EXERCISE OBJECTIVE: Reproduce exactly the lines below, starting at the line that contains "Pasini Ручка латунная" and ending with the last line of the records, both included; leave out any pictures.

··········

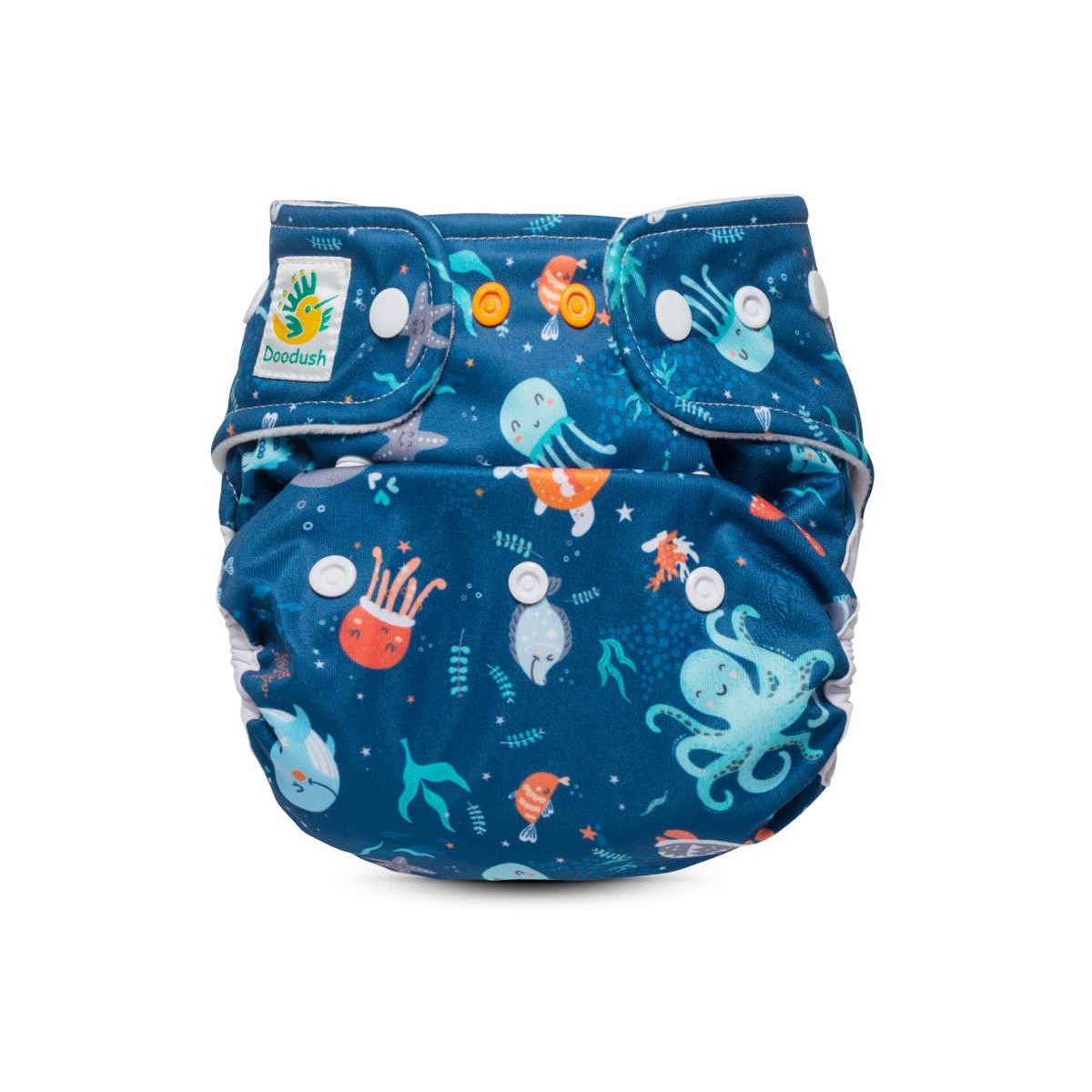 Doodush Überhose XL (9 - 18kg) mit Fleece-Laschen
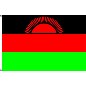 Preview: Flagge Malawi 90 x 150 cm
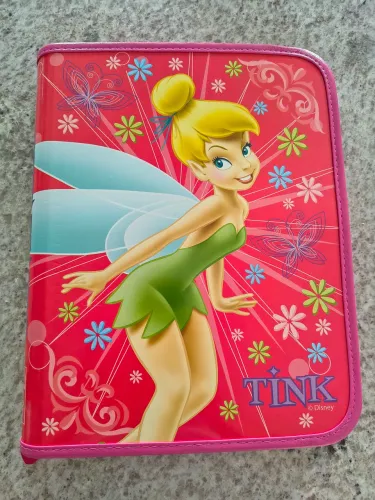 Caderno estilo Fichário Sininho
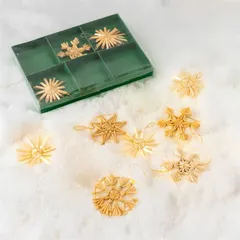 ストローオーナメント18個セット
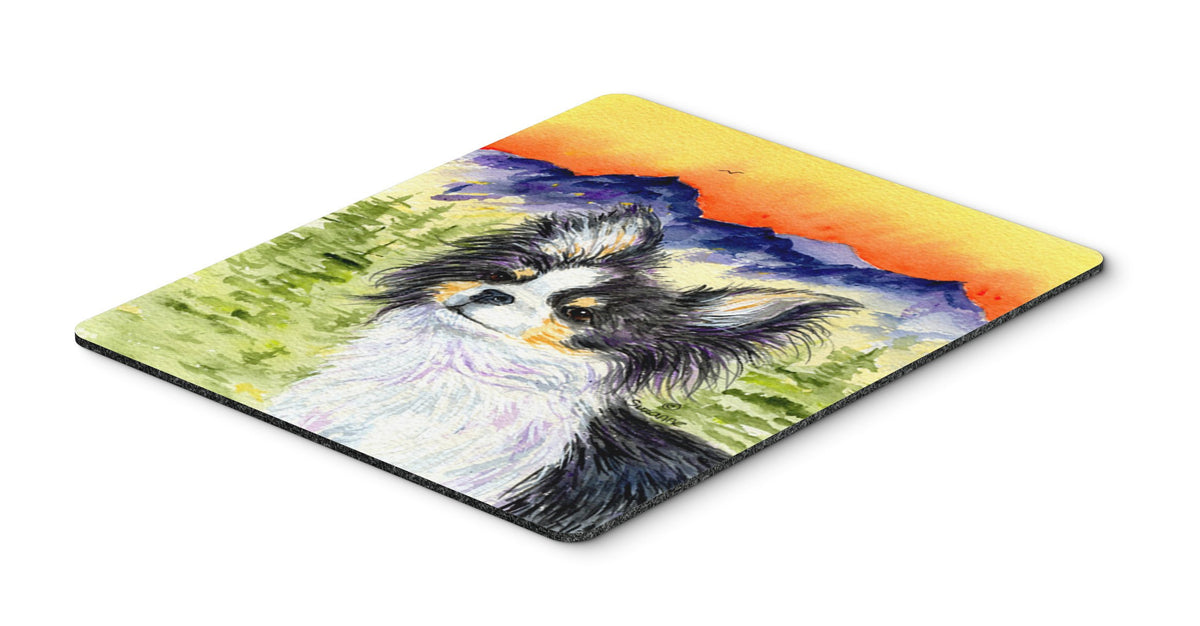 Caroline's Treasures SS8517MP Chihuahua Mouse Pad, Hot Pad or Trivet for Home Office Gaming Working Computers Laptop Mouse Mat,Washable Large Mousepad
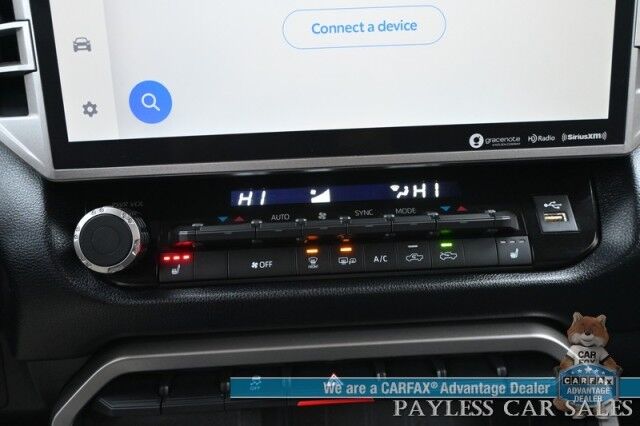 2022 Toyota Tundra 4WD SR5 / Premium & Convenience Pkg / 4X4 / Double Cab / Power & Heated Leather Seats / Heated Steering / Adaptive Cruise / Lane Depart & Blind Spot / Apple CarPlay & Android Auto / Bed Liner / Tow Pkg / 1-Owner Anchorage AK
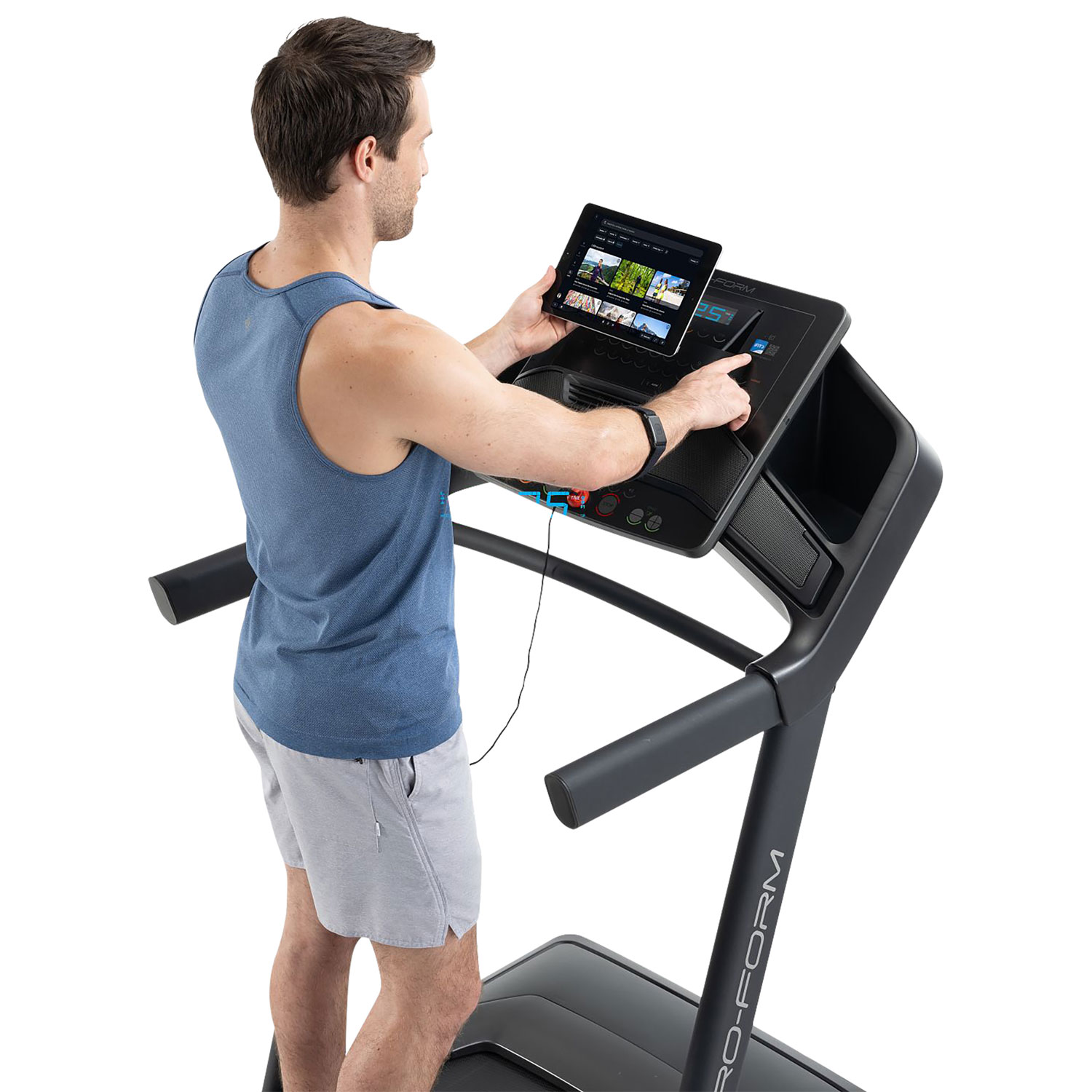 Tapis roulant Carbon TLS de ProForm avec écran ACL de 5 po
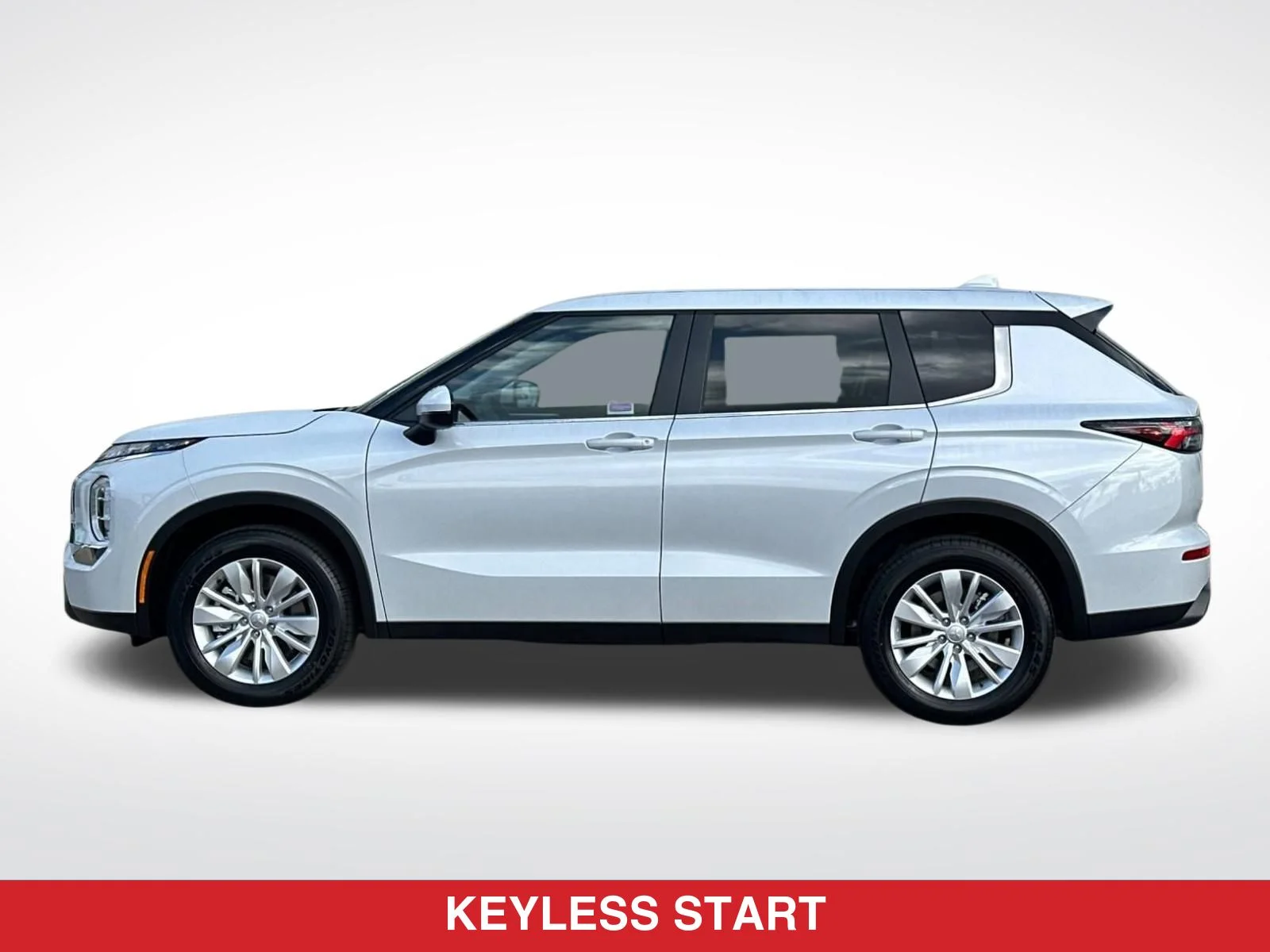 New 2026 White Mitsubishi ES image 8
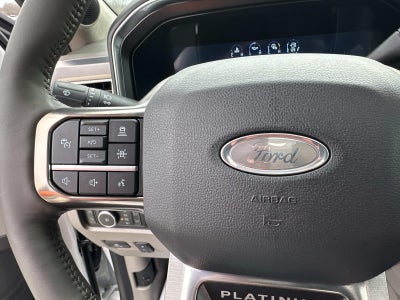 2026 Ford Super Duty F-350 DRW PLATINUM 4WD CREW CAB 8'
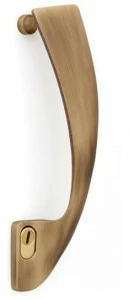 Pasini Ручка латунная с замком  0118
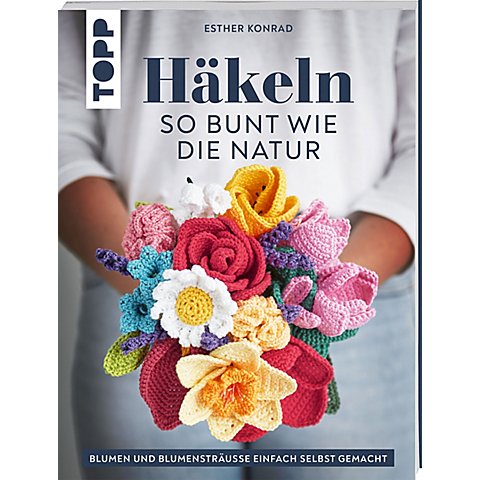 Buch "Häkeln – so bunt wie die Natur" von Topp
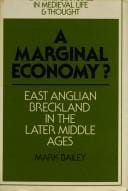 marginal economy?: East Anglian Breckland in the later Middle Ages
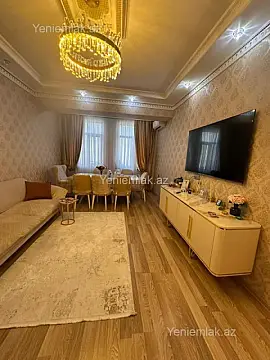 Satılır 2 otaqlı yeni tikili 75 m² — Bakı, Nərimanov 2 otaq 75.00 m²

··········

TASK SOLUTION:
 Pasini Ручка латунная с замком  0118
 Buch "Häkeln – so bunt wie die Natur" von Topp
 marginal economy?: East Anglian Breckland in the later Middle Ages
 Satılır 2 otaqlı yeni tikili 75 m² — Bakı, Nərimanov 2 otaq 75.00 m²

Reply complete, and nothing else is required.